Hoy, en medio de esta pandemia global, sabemos que cualquier persona puede contagiarse de coronavirus, pero la experiencia en otros países ha revelado que no todas estamos igual de expuestas y que tampoco somos igual de vulnerables ante el nuevo virus.
Con todo esto en mente, para este artículo de Viral, quisimos explorar las tres enfermedades que sabemos que más afectan a las personas con coronavirus –– diabetes, obesidad e hipertensión –– para así entender qué tipo de desigualdades sociales afectan la probabilidad de una persona de desarrollarlas y controlarlas.
La relación entre hipertensión, obesidad y diabetes
Antes de comenzar, quisimos entender un poco sobre las tres condiciones. Sabemos que la hipertensión, la obesidad y la diabetes están correlacionadas, pero la Doctora Ana Estudillo, que trabaja en el Centro de Salud y Nutrición del Instituto Nacional de Salud Pública, explica que la relación entre diabetes y obesidad no es tan clara como entre obesidad e hipertensión.
“Comúnmente se cree que la obesidad está muy relacionada con la diabetes, pero eso depende de qué tipo de diabetes. La diabetes tipo dos es la que está asociada con la obesidad. La diabetes tipo uno, la que ahora estamos encontrando en niños y jóvenes, tiene más un componente genético que puede estar determinado por el contexto.
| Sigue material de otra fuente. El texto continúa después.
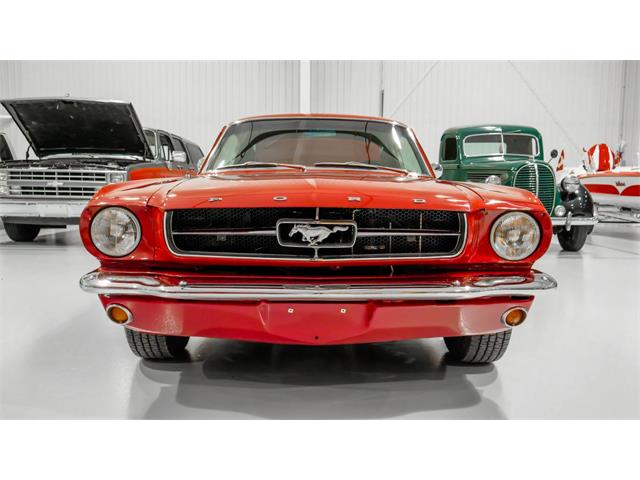 1965 Ford Mustang Fastback (CC-2103692) for sale in Watford, Ontario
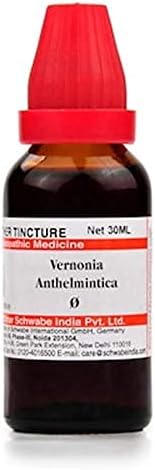 Dr. Willmar A Csomag India Vernonia Anthelmintica MOrder Tinktúra Q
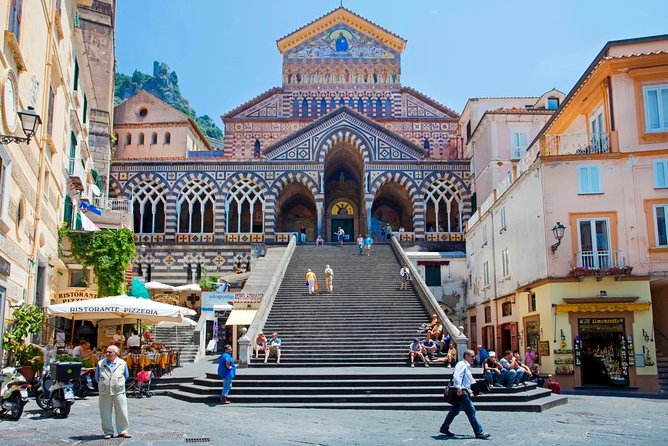 Scenic Amalfi Coast Drive: Guided Shared Day Trip from Sorrento - Why this Amalfi Coast drive is a smart day plan from Sorrento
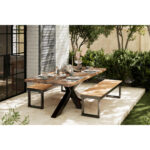 TUINTAFEL, acaciahout thumbnail 2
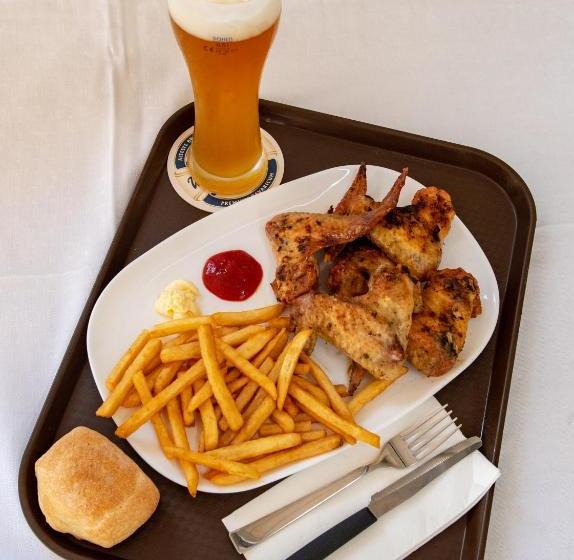 ユースホステル Monte Baldo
Es decir, si tu papá o mamá desarrollaron diabetes tipo dos, ahí sí por un tema de obesidad, tú puedes desarrollar diabetes tipo uno aunque no seas obeso ni comas mal”.
Asimismo, Olivo Iglesias, médico y profesor de salud pública comenta:
“La relación entre obesidad e hipertensión es una cosa meramente mecánica. Hay mucho peso, hay más tejido al que llevar sangre, entonces el corazón tiene que esforzarse más para transportarla. La diabetes tipo dos es la que sí está directamente relacionada con nuestros hábitos alimenticios, con el refresco y los gansitos.”
Las personas con poca escolaridad que viven en zonas
urbanas son más propensas a la diabetes o la hipertensión
Sabemos que nuestra condición socioeconómica puede tener efectos importantes en muchas de nuestras oportunidades y metas, pero ¿cómo puede relacionarse nuestro género, escolaridad o nivel socioeconómico con la probabilidad de desarrollar diabetes, hipertensión u obesidad? Para ver qué tipo de determinantes sociales se relacionan con estas tres enfermedades, exploramos la relación entre escolaridad y los tres padecimientos.
Si utilizamos la escolaridad de las personas mayores de 25 años como una especie de proxy de su ingreso y vemos cómo se distribuyen las enfermedades por nivel de escolaridad, veremos que, en general, aquellas personas que llegaron a niveles bajos de escolaridad son más proclives a tener diabetes o hipertensión. Mientras el 35% de las mujeres que estudiaron hasta primaria o menos tienen un diagnóstico de hipertensión, sólo alrededor del 19.5% de las que tienen secundaria tienen el mismo diagnóstico. Mientras el 15.3% de los hombres que tienen primaria reporta tener diabetes, sólo el 7.5% de quienes tienen licenciatura reportan lo mismo.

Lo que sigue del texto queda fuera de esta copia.